Victory!

With this fresh blast of winter and the nice perma-overcast skies, I went to do a nice 8-ridge traverse at and around Kicking Horse. There are 8 ridges between Terminator 2 peak and Dogtooth Ridge. Seven N facing couloirs, then a East face (wanted to do the Little Tooth on Dogtooth ridge) and then ski all the way back down to the car, no skinning back across. Fresh snow, the right weather to bust trail all day long, gentle ascent slopes, gnarly descents, nobody on the mountain, makes sense right? Google Earth puts it at 2450m, so it’s probably in reality just a couple hundred meters short of 3000m (GE is way out when you go over ridges and the like). I found good dry snow just a couple hundred meters above the parking lot, things seemed up. However once in the alpine, the chutes I dropped on T2 and T1 had definitely slid pretty large prior to the fresh snow. T1 was even down to ground in spots, and the fresh snow had some goopy lubricating layer between it and the old snow that wanted to wet sluff pretty hard. Considering KH has a wicked bootpacking program that mashes down all the nasty early season layers, and I was planning on going out of the boundary where that wouldn’t be in place, I expected the rip to ground issue to become even more prevalent as I went further north. So after T1 I ripped it back to the car.
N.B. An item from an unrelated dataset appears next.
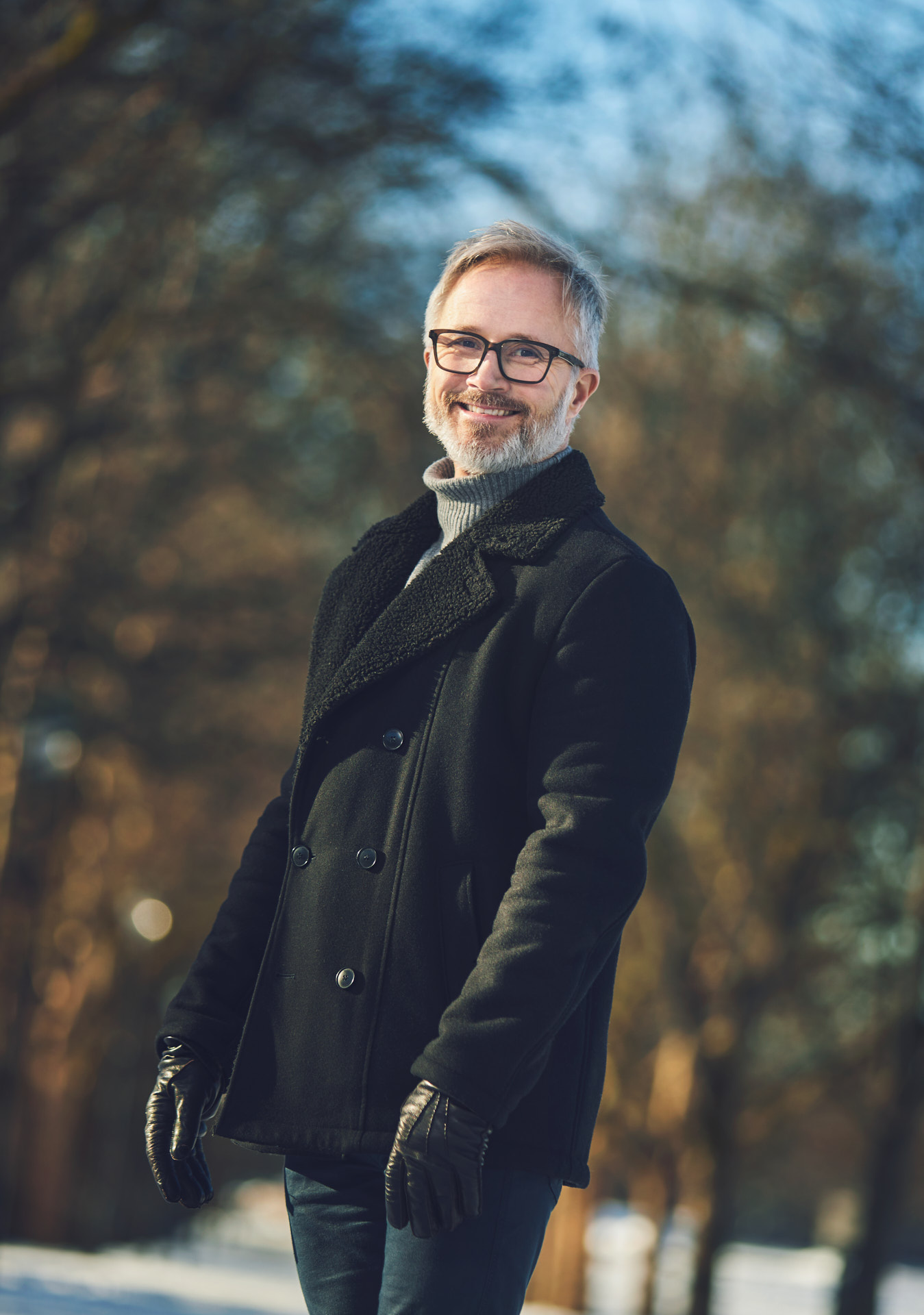 Masterklinikken Knut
Now for the main event. Finally, redemption on the Narao couloirs! There was reportedly 45cm of fresh snow in the Lake Louise area, so they should be refreshed and ready to go. I wasn’t going to do something stupid like wake up at a sane hour and risk getting skunked again, so I woke up at 3am, on skis at 4:30. Once I got up into the bowl at 6:15, things were looking like a ski bum’s wet dream. Perfect slightly fluted pow up top, the usual sluff down the guts of the coolie, and a wallop of alpenglow for the lines to bask in.

But one time he break cage and he “get this” and then we all laugh. High five

Popes Peak and Narao soaking up the alpenglow

I skinned right to the base of the lookers left couloir and started booting up. I left my crampons at home, thinking that I would just be wading through the snow up the thing. I was wrong. I really need to get some aluminum crampons, it’s just so deflating bringing my heavy cromoly steel crampons when it turns out they were not actually be needed, so as a result I try to leave them whenever I can. Shouldda brought em today. The guts of it had some small sluffs run through and clean it down to the crust more often than not. The sides were most of the time ~50cm of light light blower pow on a crust. The pow was too light to support me, so I was forced to walk on the crust regardless, the only option was whether or not to also wade in the snow.
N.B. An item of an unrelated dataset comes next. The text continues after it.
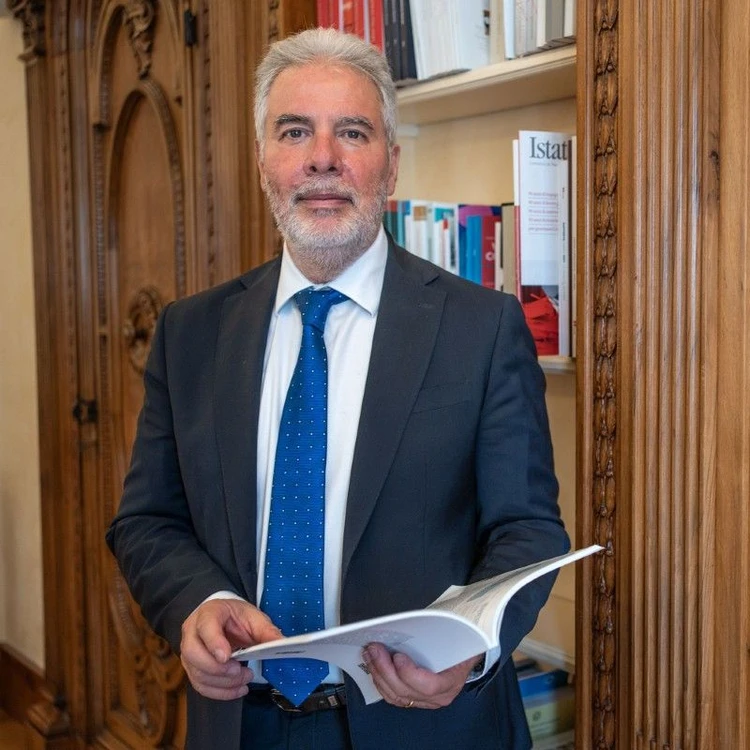 Francesco Maria Chelli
The choke of the couloir was more complex than I had anticipated. The climbers right looked from the bottom to be the only way, and just straightforward bootpacking. In reality, it was pretty much ice. Not sure if it’s water ice off the rock wall above, or if it’s the firn snow that survived last summer, but it was far too slick to attempt without crampons. Aluminum crampons might even bounce on it, it was that hard. It turned out that there was a narrow (~2ft) chute on the left side. Too long and steep to straightline on skis. I thought I would remove my skis and downclimb it when I came back down, however from the top of the choke I thought I saw a way to ski the climbers right side.

Hey, who turned out the light?

I continued climbing, and once at the top of the 400m couloir, I went for a jaunt up to tag the summit. Then I went skiing. The weather had moved in while climbing up, and it was snowing and a bit foggy. That was OK though, it kept the sun off the little face that I watched continually drop sluff into the couloir on every other day I’d been up there. The skiing was quite variable, the soft snow that I saw last time I was up here had gotten cooked and frozen before the fresh blanketing. If it hadn’t, the skiing would have been absolutely mind-blowingly good. But it was still really good. Worse snow means more challenge, and that’s OK every now and then. The top was all pretty uniform, 30ish cm of fresh on a hard crust everywhere. Once the sluff runnel in the guts started up, I’d ski either side of the middle on whichever side was wider.

At the choke, I skied along the division between the climbers left and right options so I could bail on the climbers left if need be and downclimb back down the way I came up. I felt pretty OK about the climbers right ice workaround and made my decision. The ice patch was covering the entire ~4ft choke, and it extended up a bit toward the rock. Everything went to plan, I poked the hell out of the snow while traversing above the visible ice patch to ensure I wouldn’t slide down a snow-covered bit of ice, then made the one crucial hop turn above a bit of exposure. Then I pointed it across the ice patch and onto the powder on the other side of it. I had considered sideslipping the ice and keeping a ice axe (a real axe, not the whippet) at the ready for self arrest, but I think the ice was too hard for my ski edges to actually get some real grip on it.

After the choke was dealt with, the couloir was a fair bit narrower than the top section. There wasn’t a lot of good wide snowfields on either side of the sluff runnel, so the skiing wasn’t great. After working my way down it though, the snow on the fan was amazing! Some of the best snow I’ve ever skied. After skiing some breakable crust in the trees, I got back to the car, and got out of Ohara before noon.